Introduction

Extractive document summary (EDS) is an important task in NLP (Nature Language Processing), which aims to extract sentences from a document to form a summary while keeping information of the original text. In this paper, we focus on the problem which usually generates high semantic redundancy summary.

In recent years, EDS task has achieved great success with the prosperity of neural networks. However, it faces a challenge in high semantic sentences are selected in summary. Previous methods to solve this problem can be divided into two sides: (1) constructing complex architecture network to represent sentences or words separately to reduce the high semantic redundancy problem; (2) using pre-trained model to select sentences with low semantic redundancy.

There are many excellent works based on the first way. For example, Dina et al.1 proposed a system with three steps includes answer extraction, semantic clustering and extractive summary. Another approach is proposed by Zhong et al.2 They seem the extractive summary task as the text matching task, which using the selected sentences by BERTSUM to formulate candidate set and array the sentences to text match with reference summary. In this paper, we follow the approach as MatchSum and propose using the K-means cluster algorithm to reduce the semantic redundancy in summary.

Cluster algorithms are widely used in semantic spaces, especially in the fields of nature language processing and information retrieval.
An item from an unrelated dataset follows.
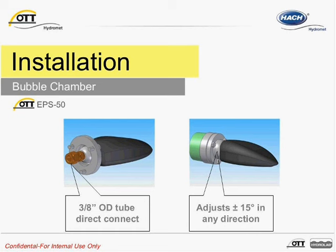Installation of a bubble chamber is relatively simple. The measuring tube is inserted into two fittings, one attached to the sensor housing and one at the bubble chamber. The measuring tube should be fully inserted into the swage lock tube fitting. Once in place, the fitting should be tightened until snug and then tightened one quarter turn more to ensure it's secure. No additional adapters are required for installation. The bubble chamber should ideally be installed in the low flow area of the stream where there is the greatest water depth during low flow conditions. The bubble chamber should be installed with its tip facing the direction of flow.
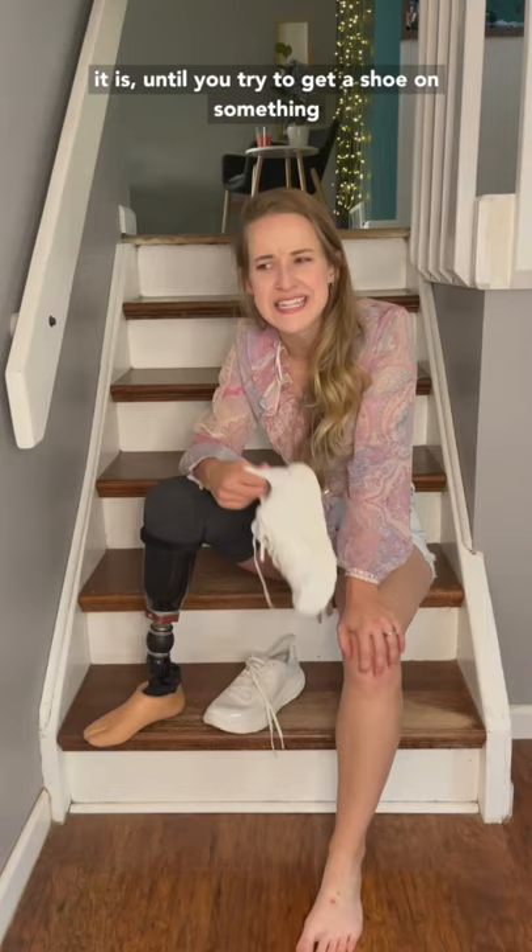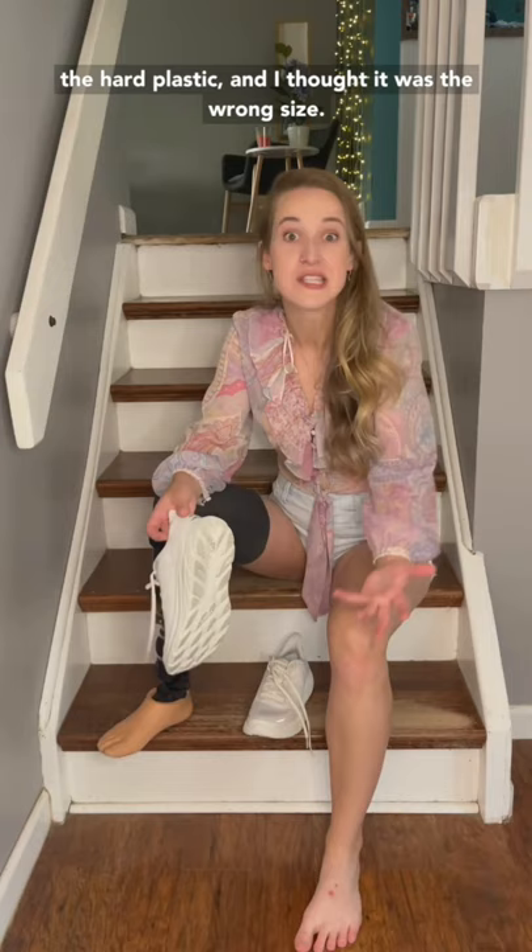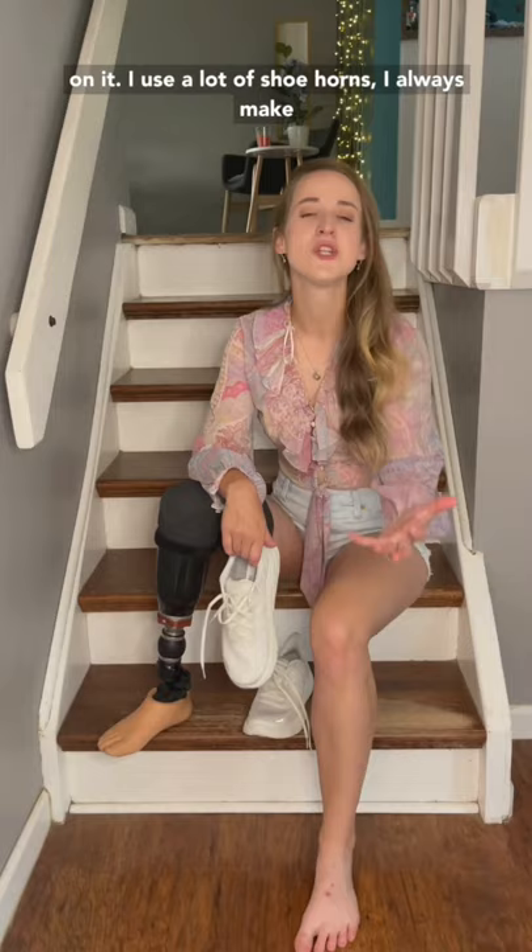When I first started using my prosthetic and trying to get shoes on, it was so difficult to get around the hard plastic that I thought it was the wrong size. In fact, it turns out you just have to use a little more muscle when you're getting shoes on. I use a lot of shoe horns. I always make sure there's a sock on my prosthetic foot to kind of reduce some of that friction.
Common clustering algorithms include: K-means3 is a common clustering algorithm that can be used to divide data points in text or semantic space into different clusters. Hierarchical clustering can build a clustering hierarchy based on the similarity between data points, which helps to understand the data organization relationship in the semantic space. DBSCAN is a density-based clustering algorithm suitable for discovering irregularly shaped clusters and discovering implicit semantic relationship in the semantic space. These algorithms can help understand the data structure in the semantic space, discover potential semantic relationships and effectively organize and classify data points in the semantic space.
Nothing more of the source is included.